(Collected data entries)
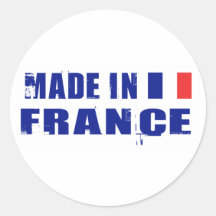 Fabriqué en France Adhésifs Ronds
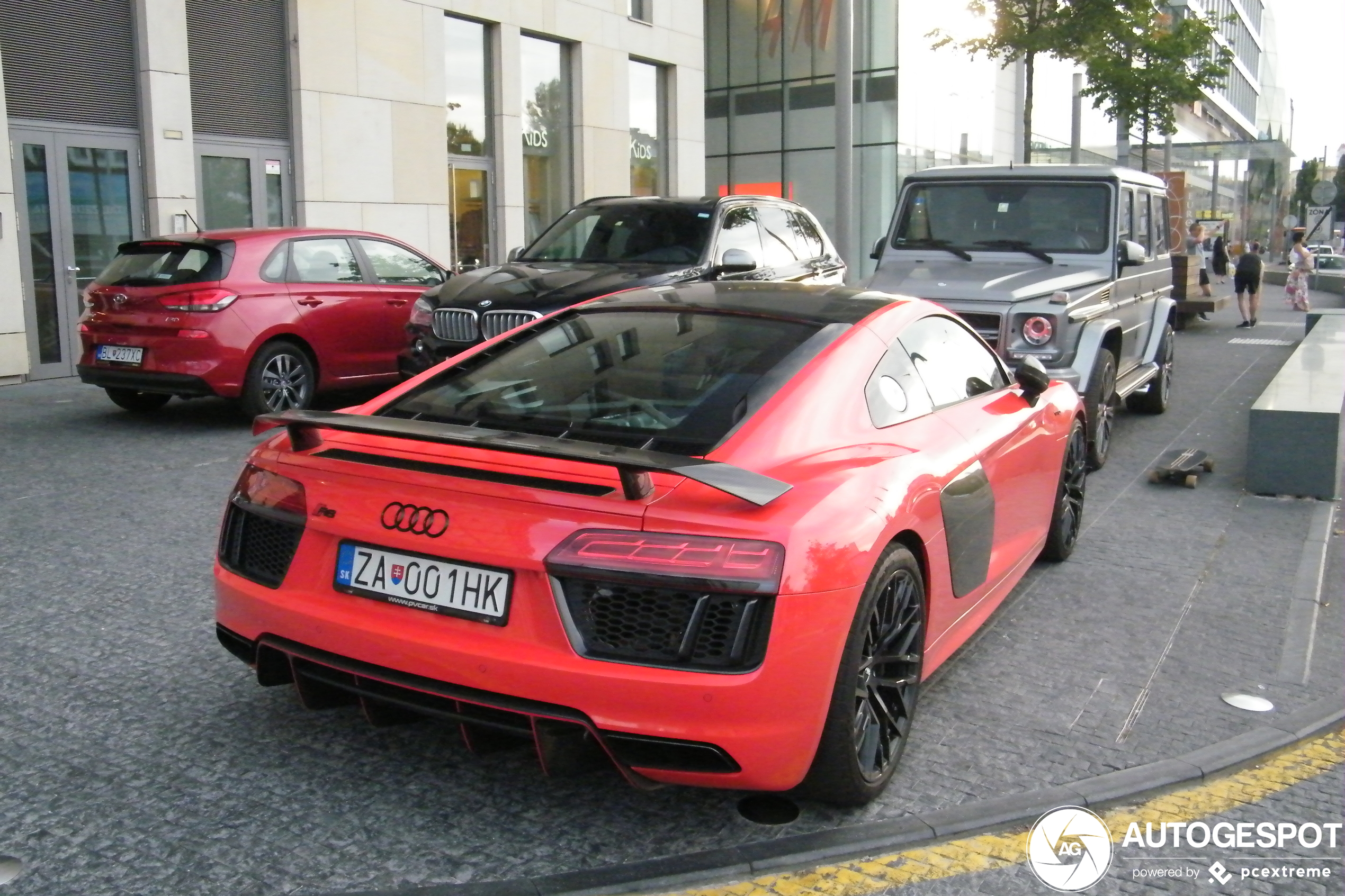 Audi R8 V10 Plus 2015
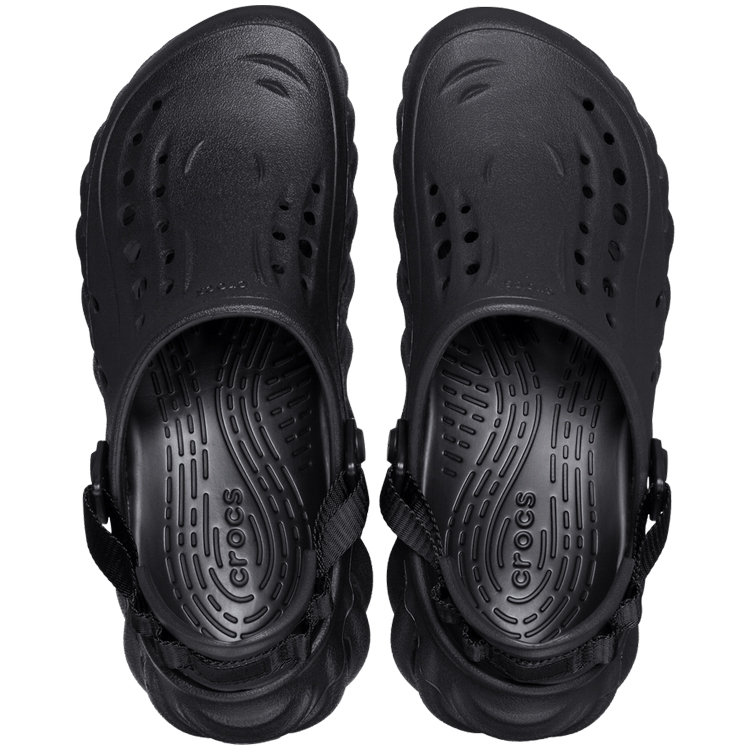 Slapi Crocs Echo Clog pt Barbati / 45-46 / Negru photo 3
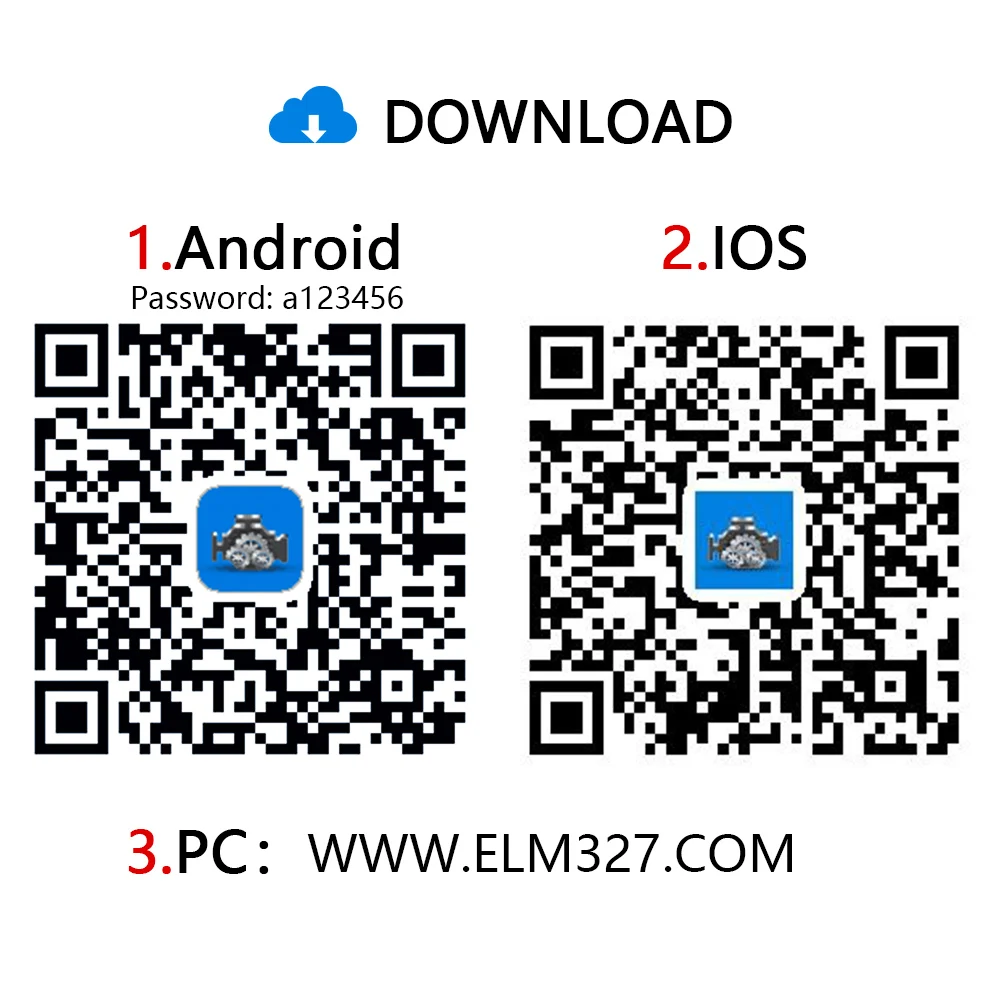 Araç Teşhis Otomatik Aracı USB Tarayıcı Kod Okuyucu İçin Android / IOS WİFİ ELM 327 OBD2 Viecar VP004 VP002 ELM327 V2. 2 Elm327 OBD - 2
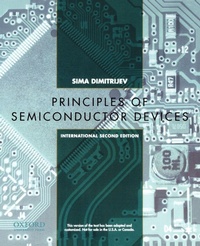 Enlarge image Cover: Principles of Semiconductor Devices - Oxford University Press Inc
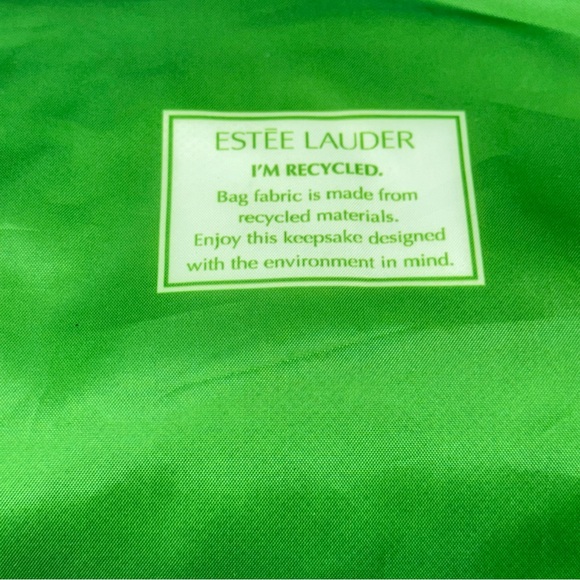 Estée Lauder Colorful Printed Women's Cosmetic Makeup Bag - Picture 8 of 13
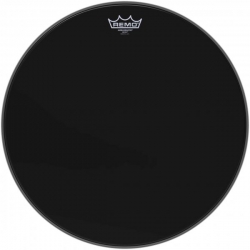 REMO 18" EBONY AMBASSADOR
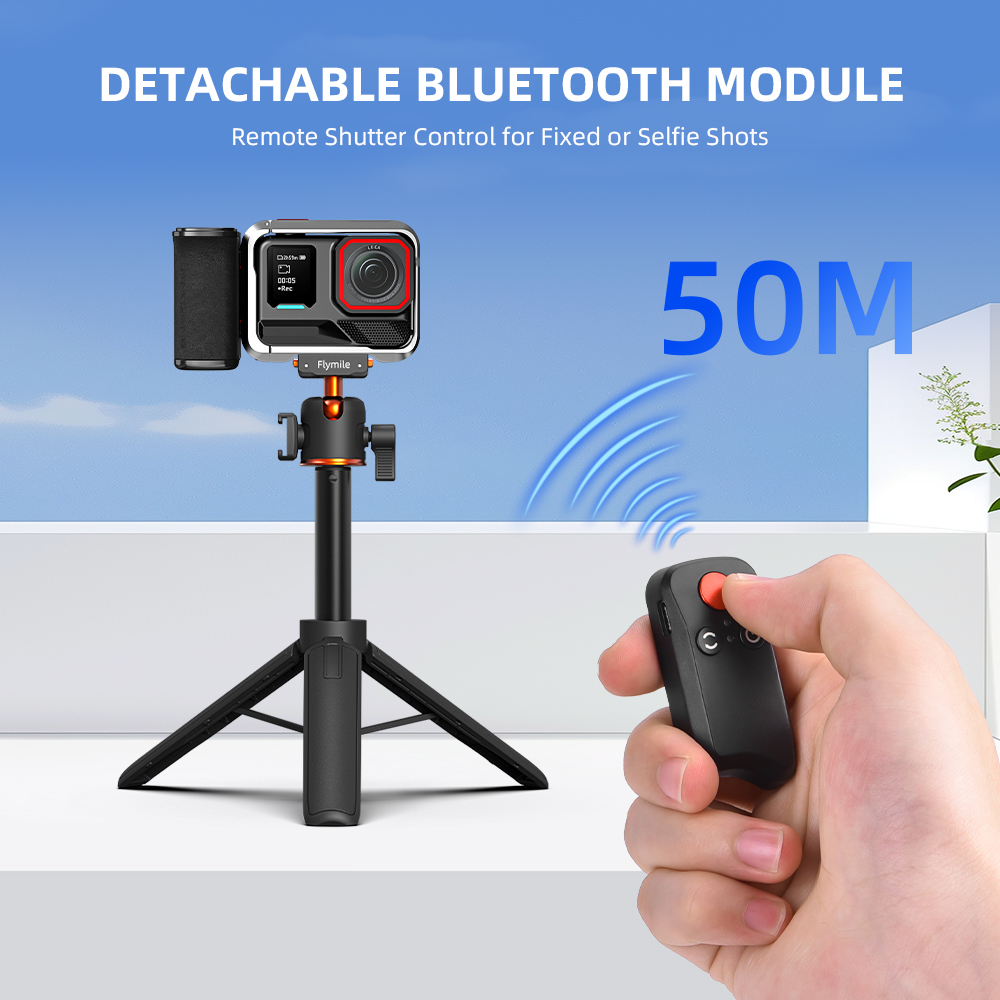 Flymile 50M Bluetooth Tutma Sa - Photography Grip Insta360 X5 incelemesi ve fiyatı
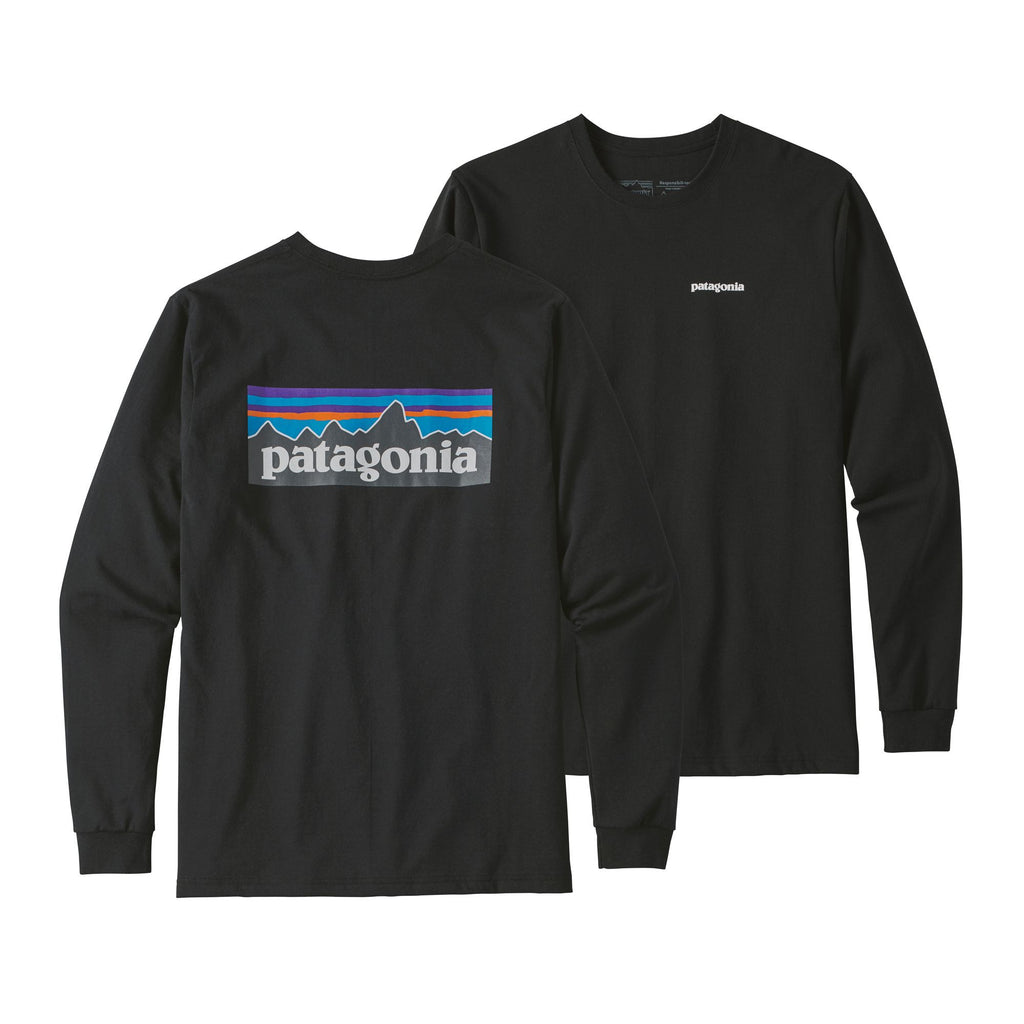 L/S P-6 Logo Responsibili-Tee M, Black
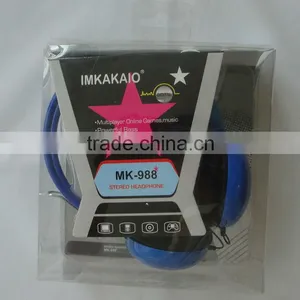 Cartoon Earphones Headphones 3.5MM BASS MP4 MP3 10earphone thumbnail-1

» ACTIVITY:
Using the entries above, write out exactly the lines from the one with "Audi R8 V10 Plus 2015" through the one with "Flymile 50M Bluetooth", ends included. Leave out any pictures.

» FINISHED TASK:
 Audi R8 V10 Plus 2015
 Slapi Crocs Echo Clog pt Barbati / 45-46 / Negru photo 3
 Araç Teşhis Otomatik Aracı USB Tarayıcı Kod Okuyucu İçin Android / IOS WİFİ ELM 327 OBD2 Viecar VP004 VP002 ELM327 V2. 2 Elm327 OBD - 2
 Enlarge image Cover: Principles of Semiconductor Devices - Oxford University Press Inc
 Estée Lauder Colorful Printed Women's Cosmetic Makeup Bag - Picture 8 of 13
 REMO 18" EBONY AMBASSADOR
 Flymile 50M Bluetooth Tutma Sa - Photography Grip Insta360 X5 incelemesi ve fiyatı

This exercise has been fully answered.